COLLECTED MATERIAL:
*** Block opens ***

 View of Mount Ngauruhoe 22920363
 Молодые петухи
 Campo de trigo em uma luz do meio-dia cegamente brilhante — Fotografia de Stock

*** Block closes ***

WORK INSTRUCTIONS: All of the material above should be transcribed exactly, with no line omitted.

FINAL ANSWER:
 View of Mount Ngauruhoe 22920363
 Молодые петухи
 Campo de trigo em uma luz do meio-dia cegamente brilhante — Fotografia de Stock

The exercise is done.